NOTE SUR LA TRANSCRIPTION

La transcription reproduit l'ouvrage coté Res-Ye-171 à la Bibliothèque
nationale de France, présumé imprimé à Lyon par Martin Husz, 1481-1482.
L'orthographe est conforme à l'original. On a néanmoins, selon l'usage,
résolu les signes d'abréviation conventionnels (de type cõme > comme),
distingué i/j et u/v, et introduit accents, apostrophes et cédilles.

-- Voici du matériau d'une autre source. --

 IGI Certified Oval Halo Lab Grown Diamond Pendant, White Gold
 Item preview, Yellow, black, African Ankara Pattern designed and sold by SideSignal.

On a restitué l'ordre des strophes, en déplaçant deux passages présents
dans le désordre dans l'original (indépendamment des sauts de page du
texte imprimé, ce qui ne peut résulter d'une erreur lors de la reliure
ou la numérisation, et laisse supposer une interversion de feuillets de
la copie ayant servi à la composition):

  les quatre strophes allant de "Laquelle tu as desservie" à "Et te
  baille sa saulve garde" étaient situées entre les vers "Se tu luy
  daigne demander" et "Son povoir est incomparable";

  les huit strophes allant de "Il te donra son paradis" à "Touteffois
  que nous y pensons" étaient situées entre les vers "Et luy font chose
  deshonneste" et "O croix engin de grand torment".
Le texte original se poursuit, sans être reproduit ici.